Work item: Return, exactly and with nothing added, the line with "Игоря Щёголева Владислав" together with all lines after it through the end of the data below. No pictures belong in the copy.

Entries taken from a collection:
========

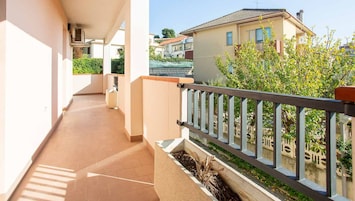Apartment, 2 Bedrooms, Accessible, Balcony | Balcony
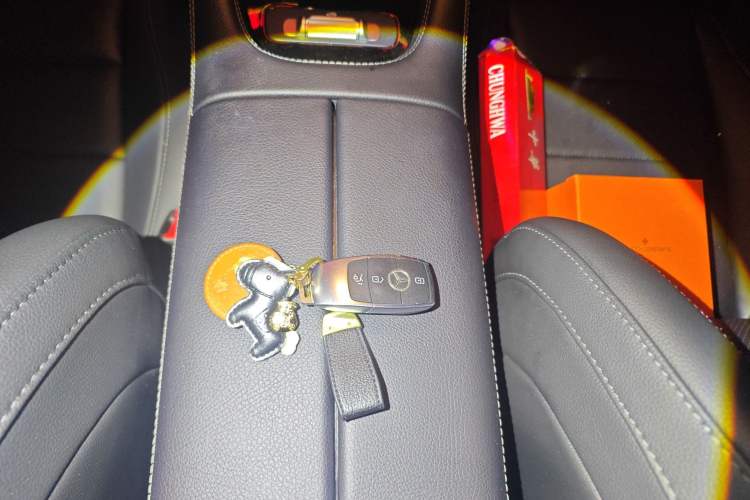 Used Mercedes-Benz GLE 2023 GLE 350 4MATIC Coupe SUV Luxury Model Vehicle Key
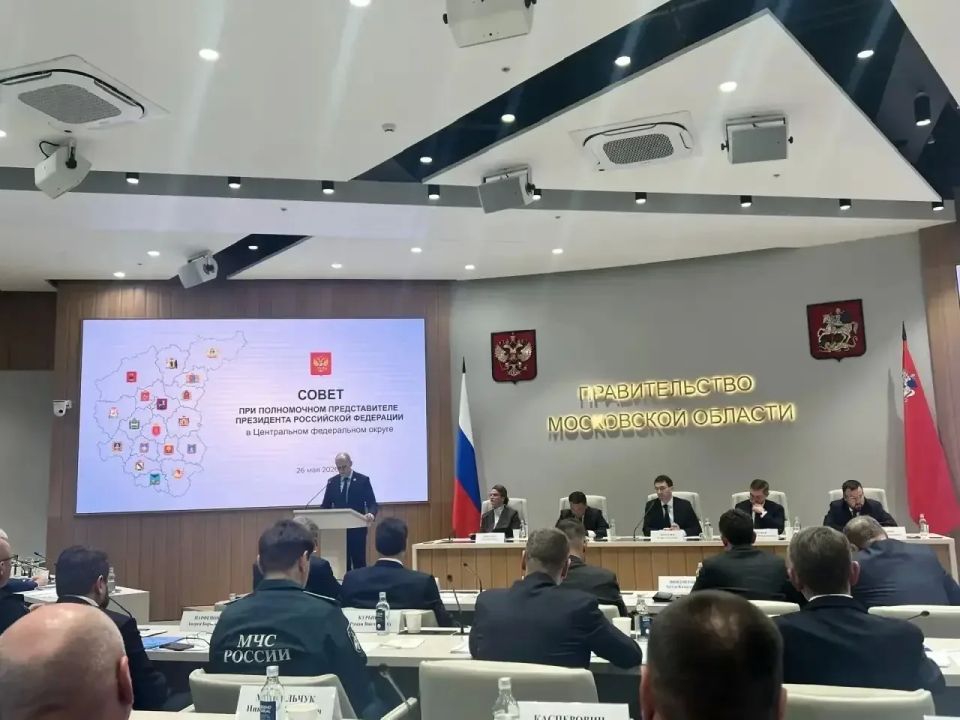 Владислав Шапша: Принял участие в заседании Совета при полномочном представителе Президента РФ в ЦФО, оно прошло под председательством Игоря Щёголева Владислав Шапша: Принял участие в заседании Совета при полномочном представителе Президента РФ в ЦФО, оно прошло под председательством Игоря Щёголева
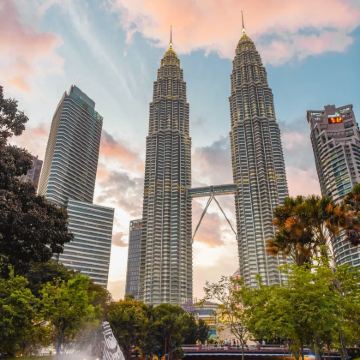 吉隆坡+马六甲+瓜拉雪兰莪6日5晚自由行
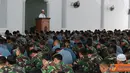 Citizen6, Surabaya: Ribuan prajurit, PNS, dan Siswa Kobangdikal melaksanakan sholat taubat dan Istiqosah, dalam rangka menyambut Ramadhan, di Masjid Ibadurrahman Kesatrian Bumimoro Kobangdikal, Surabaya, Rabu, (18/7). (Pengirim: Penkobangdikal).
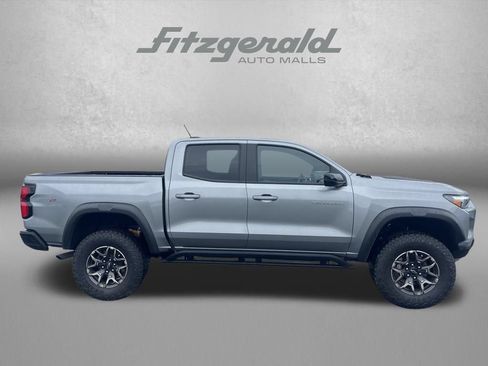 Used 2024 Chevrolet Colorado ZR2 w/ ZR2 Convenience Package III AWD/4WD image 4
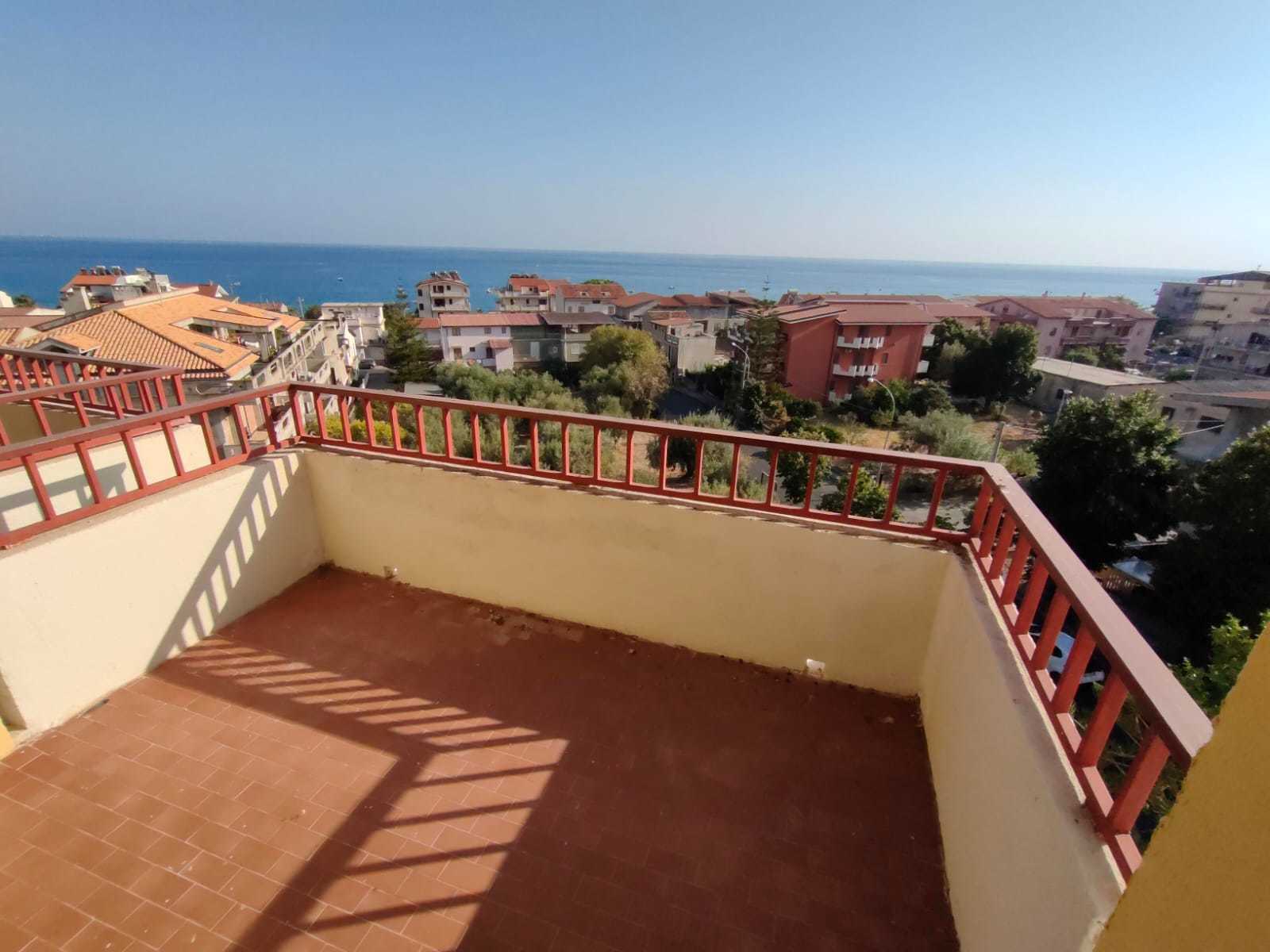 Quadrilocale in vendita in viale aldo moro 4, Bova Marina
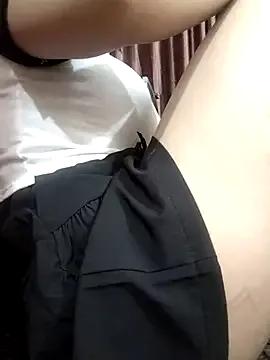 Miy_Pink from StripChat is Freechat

========

Written answer:
 Владислав Шапша: Принял участие в заседании Совета при полномочном представителе Президента РФ в ЦФО, оно прошло под председательством Игоря Щёголева Владислав Шапша: Принял участие в заседании Совета при полномочном представителе Президента РФ в ЦФО, оно прошло под председательством Игоря Щёголева
 吉隆坡+马六甲+瓜拉雪兰莪6日5晚自由行
 Citizen6, Surabaya: Ribuan prajurit, PNS, dan Siswa Kobangdikal melaksanakan sholat taubat dan Istiqosah, dalam rangka menyambut Ramadhan, di Masjid Ibadurrahman Kesatrian Bumimoro Kobangdikal, Surabaya, Rabu, (18/7). (Pengirim: Penkobangdikal).
 Used 2024 Chevrolet Colorado ZR2 w/ ZR2 Convenience Package III AWD/4WD image 4
 Quadrilocale in vendita in viale aldo moro 4, Bova Marina
 Miy_Pink from StripChat is Freechat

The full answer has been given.